The investigators ended up recruiting 20 adult participants with diverse long COVID symptoms who were in the age range of 22 - 63 years, with the average age being 44.1 years. The research team used a single-arm study, with 16 out of the 20 subjects involved being able to successfully finish all 6 biofeedback sessions and 14 completing the team’s assessments at the 3-month follow-up meeting occurring post-treatment.
The aforementioned surveys were immediately filled out once more following the subjects’ completion of the 6 weekly single-hour sessions. The sessions themselves involved a combination of heart rate variability and temperature biofeedback, with the overall goal being to improve participants’ somatic complaints, mood, and disturbances in their sleep.
Overall, the research team reported that the subjects showed substantial improvements in somatic, anxiety, and depressive symptoms, as well as quality of sleep, quality of life, and the reduction in so-called ‘bad days.’ These improvements were observed by the team immediately following the intervention’s conclusion as well as in the 3 months following.

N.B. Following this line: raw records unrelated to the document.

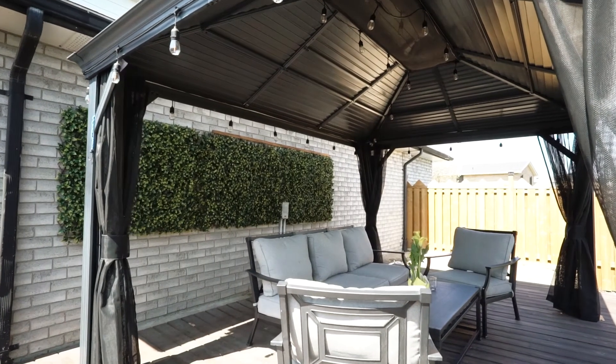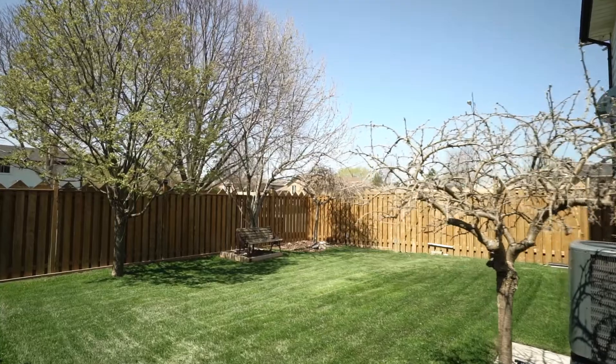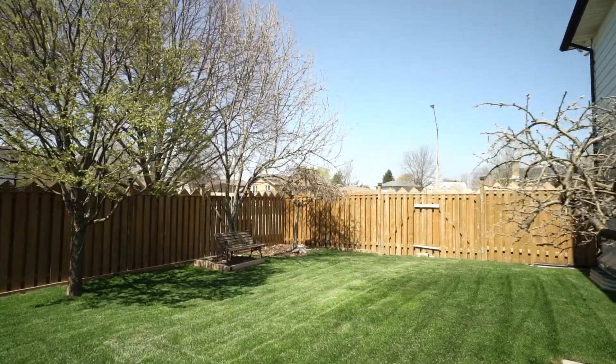I can't get over how amazing the outdoor space is, and let's not forget the three-car wide driveway — perfect for any growing family.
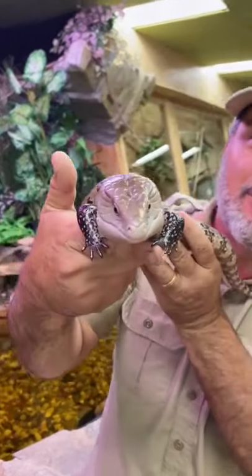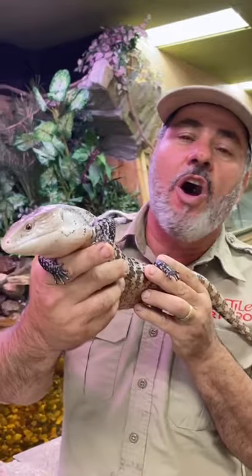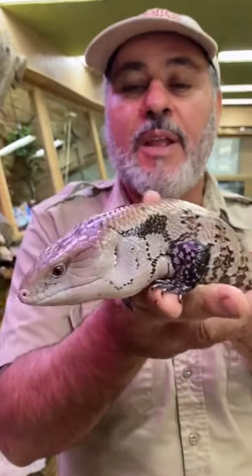Check it out. It's a Maruki blue tongue skink. Now the funny part about blue tongue skinks, this guy comes from Papua New Guinea, but they come from Australia, Indonesia, Malaysia. There's all kinds of them and they all look different depending where they come from.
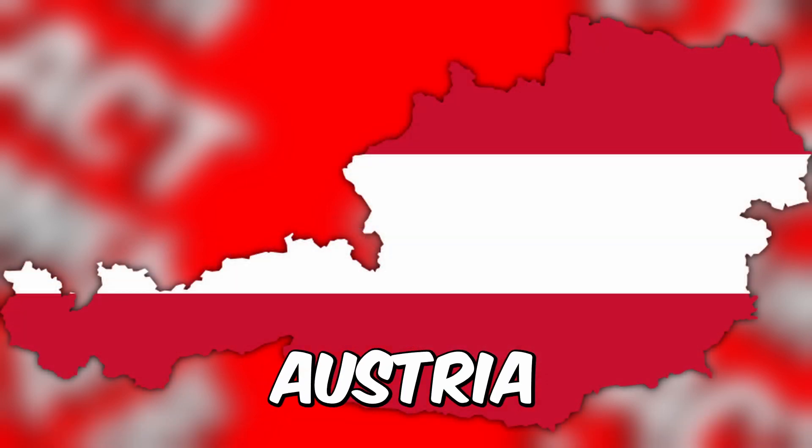Ready for another challenge? Check out this map and tell us your guess. Let's unveil the answer: Austria. Keep those guesses coming — how about this country's map?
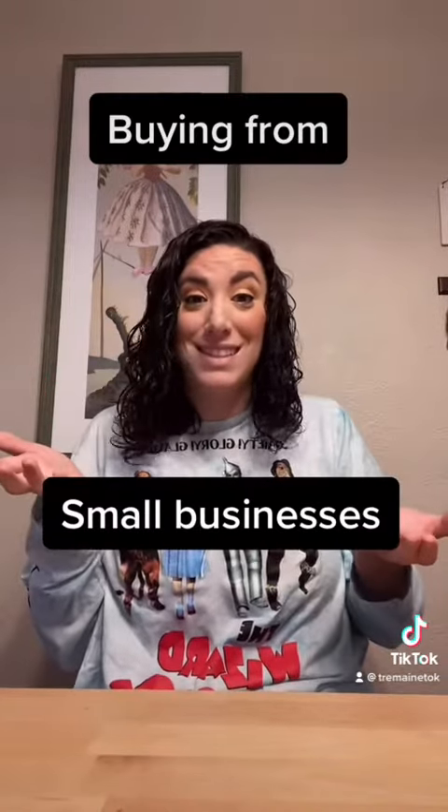Hey guys, it's time for buying from my followers' small businesses. Let's get into the haul.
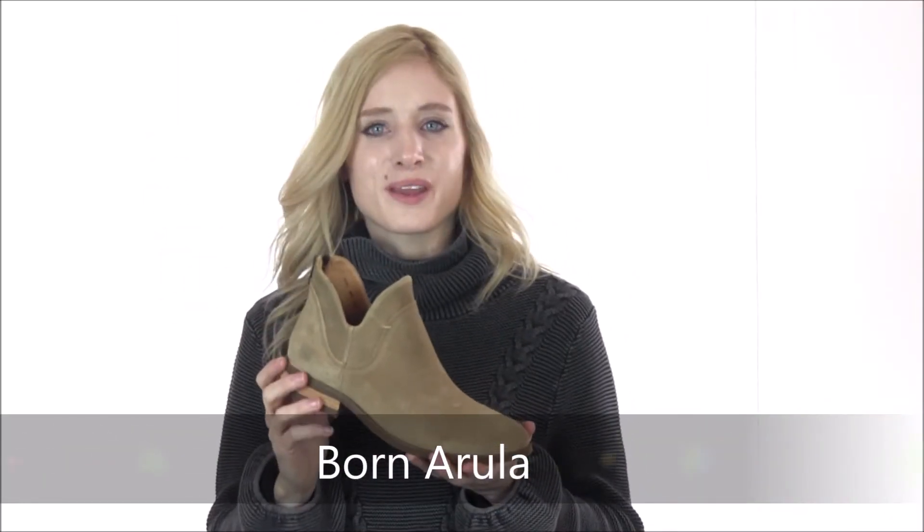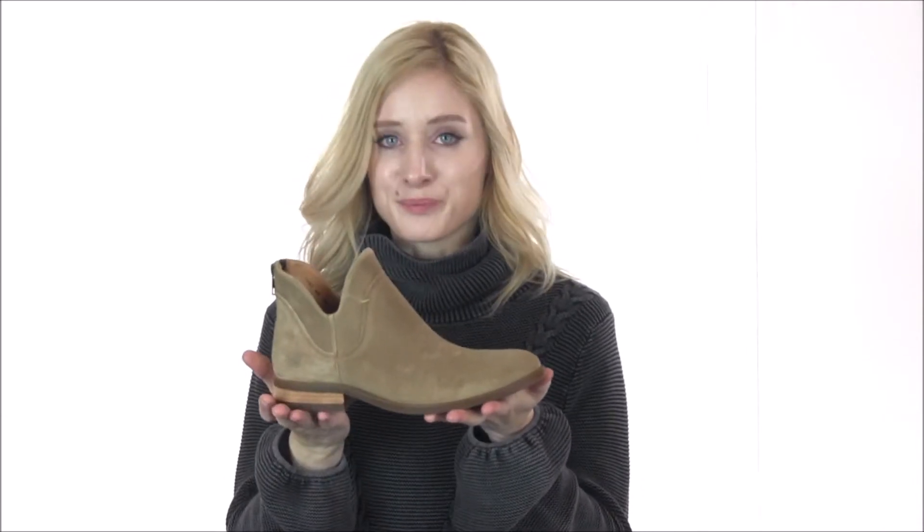Hey Shoe Shoppers! It's Chloe from Dodge Shoe Company here today to show you the Arula from Born. This is a chic suede leather ankle bootie that looks as good as it feels. They will pair perfectly with any wardrobe and will keep your feet comfortable enough to wear all day.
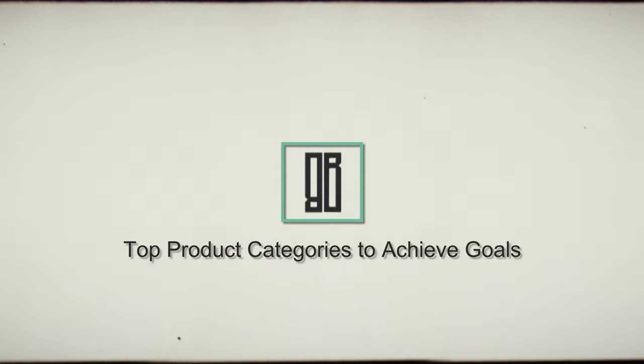Welcome back. I'm Shad and we're digging into the 2024 kitchen trends by the NKBA. The next segment is a continuation of the previous one, about the goals that people are trying to achieve in their kitchens.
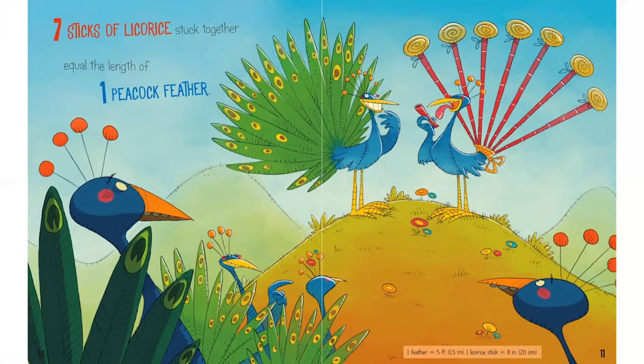Now we're comparing how many little red licorice sticks, like this one that he's holding, you need to put together to be as long as one peacock feather. Let's count the little red sticks on one of that bird's tail feathers. Here we go: one, two, three, four, five, six, seven. Seven yummy licorice sticks stuck together equal the same length as one peacock feather.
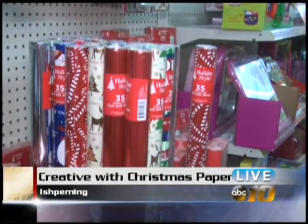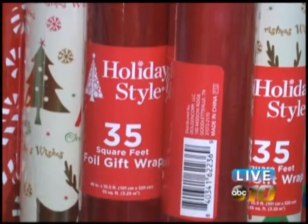After the hustle and bustle of Christmas and all of the gift giving and wrapping, you often have leftover wrapping paper. But don't throw it out, and if you find some on sale, stock up. Wrapping paper has a variety of uses, and at this time of year you can find some bargains.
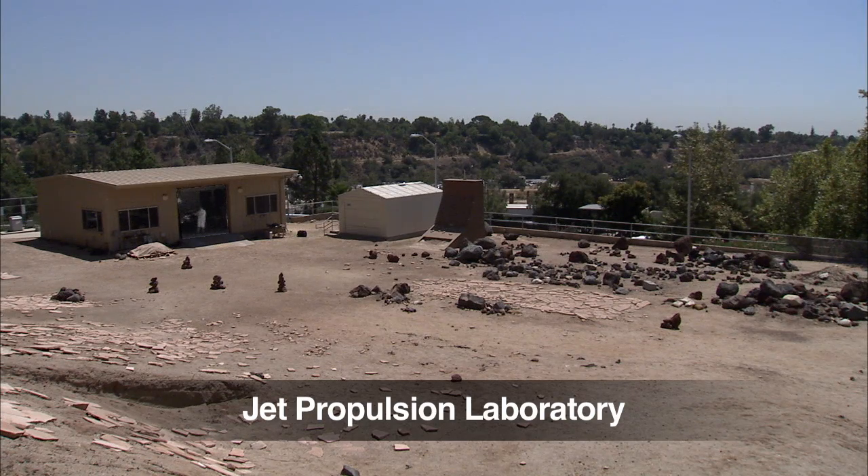Hi, I'm Mark Maimon, Rover Planner and Mobility Engineer on the Mars Science Laboratory Mission. I'm here with the Curiosity Engineering Model at JPL's Mars Yard, and this is your Curiosity Rover report.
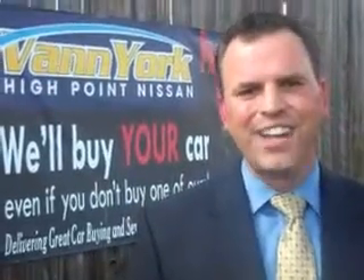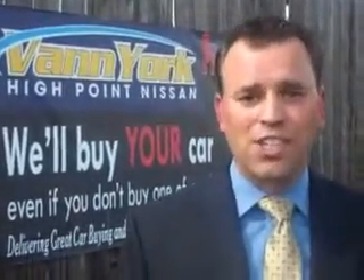Hi, this is Trey Powell, General Manager at Van York's High Point Nissan. Every used car we sell comes with a warranty, roadside assistance, and a Carfax guarantee. We only sell the best used cars, trucks, vans, and SUVs.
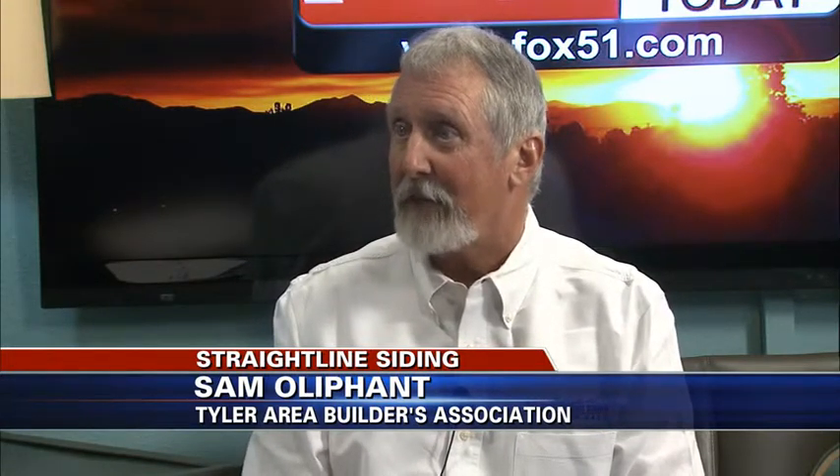So siding is going to add value to your home. What are some of the other benefits? No more upkeep, no more painting, and that's what people are looking for nowadays — where they don't have to paint, no more maintenance, anything like that.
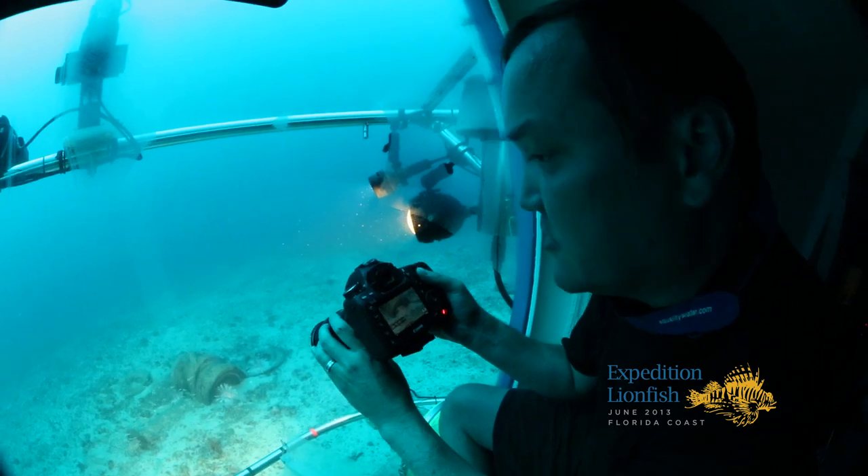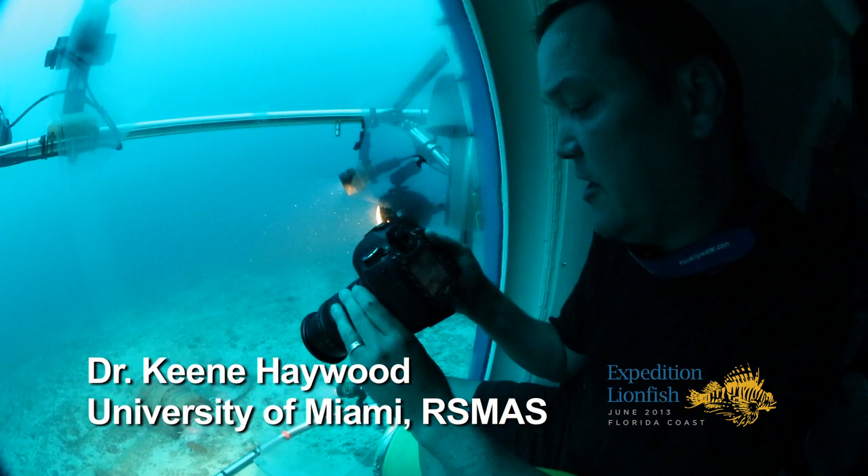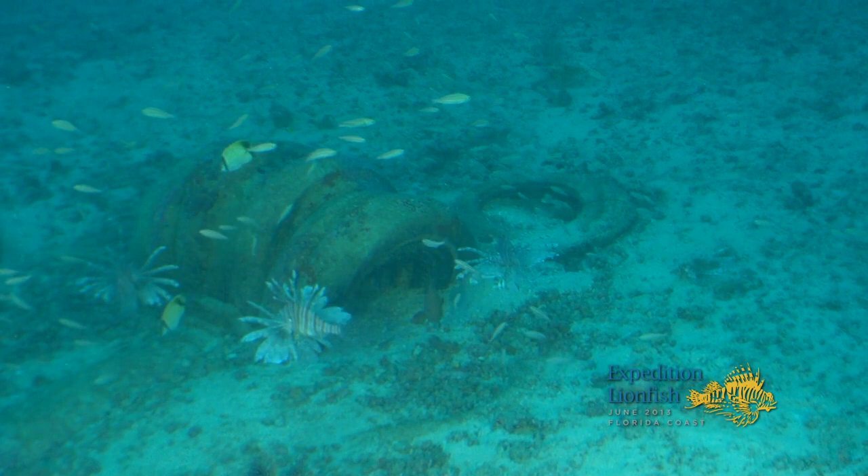They're making use of these artificial structures here, so that's increasing their options for habitat. The juvenile fish are hanging around these small structures too, so it's good for the lionfish because they don't have to do too much work to get food. Look how fat they are — you can tell they've been gorging themselves.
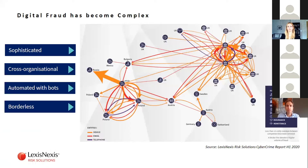What we've seen over the last few years is that digital or online fraud has become increasingly complex. It's become sophisticated, cross-organizational, and increasingly automated with the use of bots and botnets, and it's also become borderless — there is no respect for borders in online fraud. The diagram you can see here comes from our cybercrime report that we publish twice a year, analyzing the last six months of our clients' data that we've analyzed for risk.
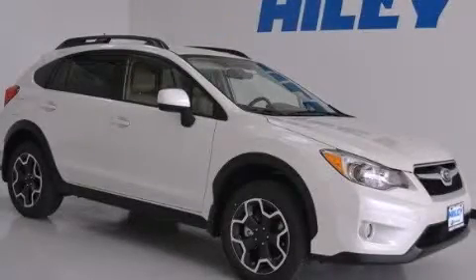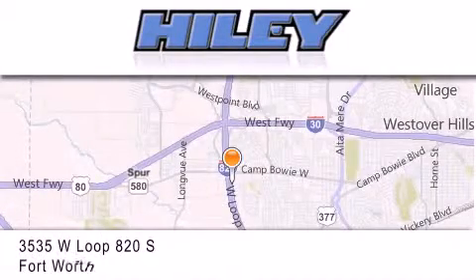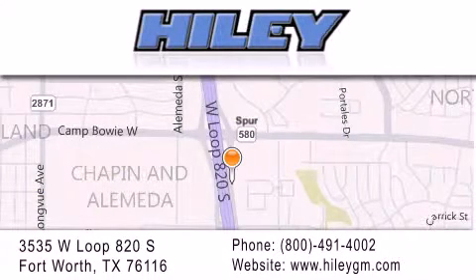Stop by today and test drive this automobile for yourself. Hiley Buick GMC is located at 3535 West Loop 820 South in Fort Worth. Our goal is to exceed all of your expectations to ensure that you will return for future visits.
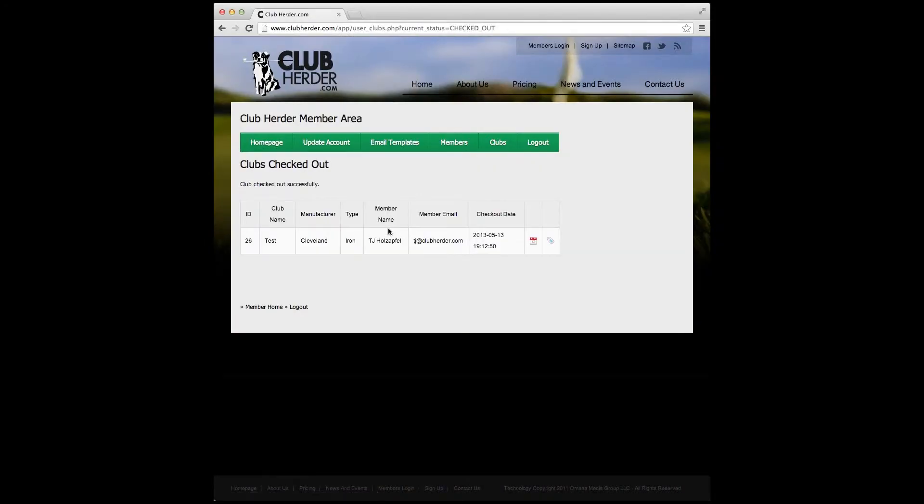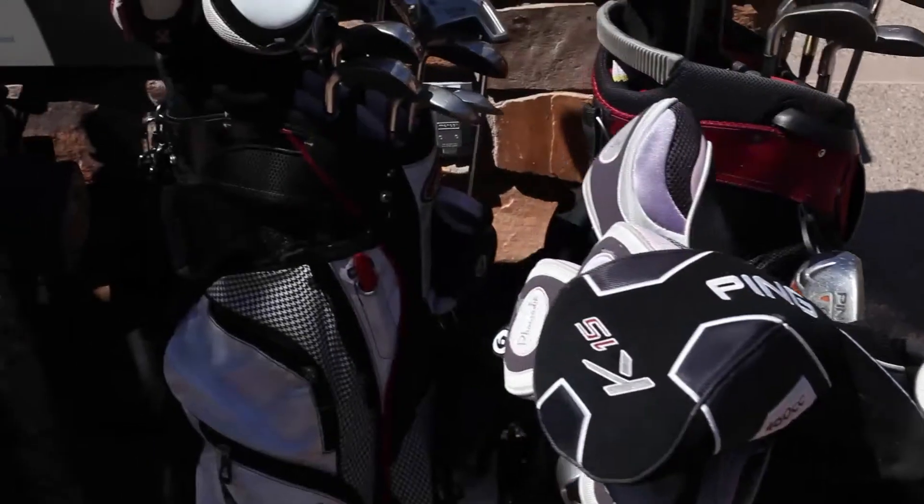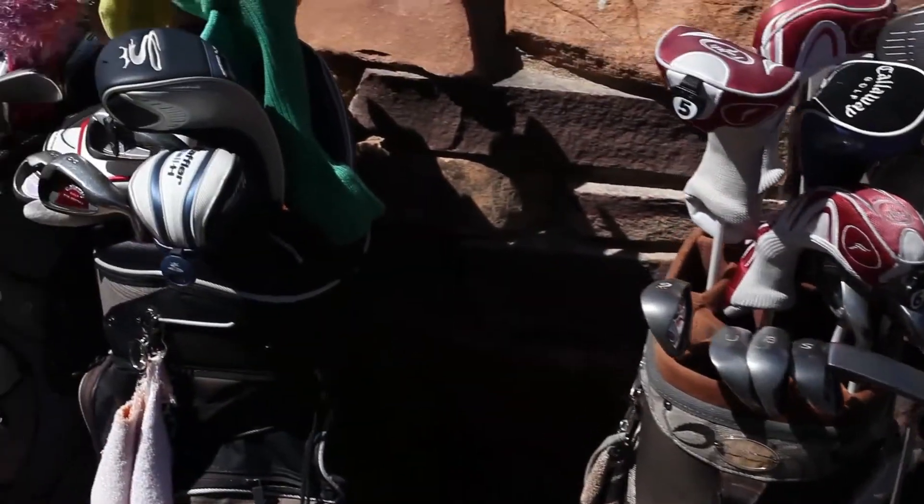We had a member come in and wanted to use a demo driver. We checked the Club Herder system, saw it was in another member's bag, checked his bag, took it out, checked it in, checked it back out on the right member and sent him on his way. It's such a simple and easy system to use — it's kind of a no-brainer if you're in the golf industry.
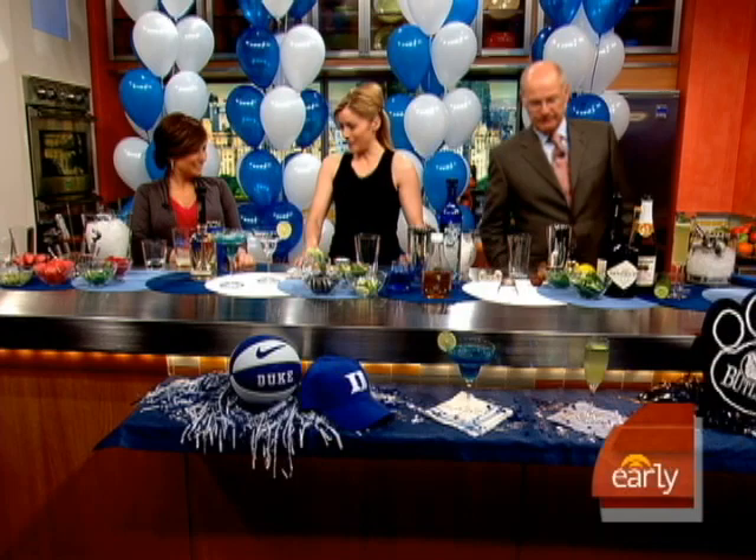Many people are in their final stages of party planning, so award-winning mixologist Charlotte Voicy is here with the perfect cocktail for your team, whether you're a die-hard Duke fan or a Butler fan. Good morning, welcome back, Charlotte. Thank you for having me back.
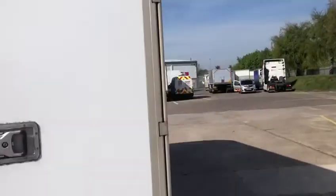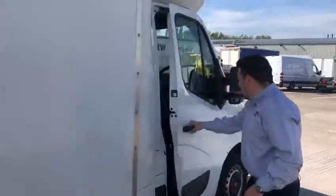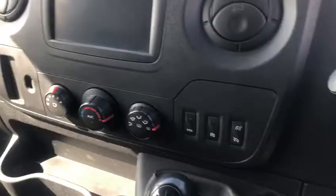Coming round and down to the other side towards the cab. This vehicle comes fitted with a media nav pack, air conditioning, cruise control, and a speed limiter.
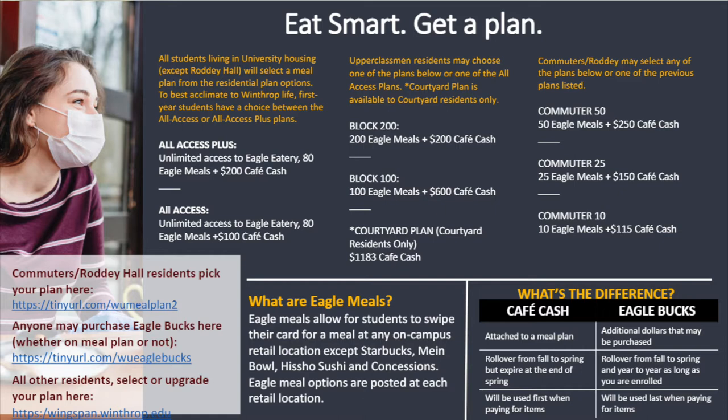Eagle Meals are meal discounts that you can get at certain dining locations. For example, Chick-fil-A's chicken sandwich combo is an Eagle Meal Swipe. So instead of paying regular price, you would get it for the discounted Eagle Meal Swipe. There are Eagle Meal menus at each location that will tell you what is an Eagle Meal and what is not.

In a notable finding, the investigators showed at the 3-month mark there had been a decrease in medical visits (ES = 0.85), in addition to improvements in subjects’ emotional well-being (ES = 0.97) and a diminished use of prescription drugs (odds ratio = 0.33). Generally speaking, the study’s participants were able to improve their occupational and social involvement to manage long COVID symptoms.
The team did note, however, that some of the participants were also concurrently given psychotherapy and other treatments such as acupuncture, potentially influencing the noted improvements. So despite the positive findings, the investigators addressed such limitations in their research, highlighting as well the lack of a comparison group, smaller sample size, and a within-subject design that may have limited the trial’s generalizability.
“Our biggest hope is that we’ve identified a way to alleviate chronic physical symptoms that are not successfully treated by standard biomedical approaches, and that we did so with a short-term, non-pharmacological model that is easily scalable,” Emerson said in a statement, later adding. “It is important to underscore that…patients with long COVID are not in control of their symptoms and are not faking or exaggerating what they report to their doctors.”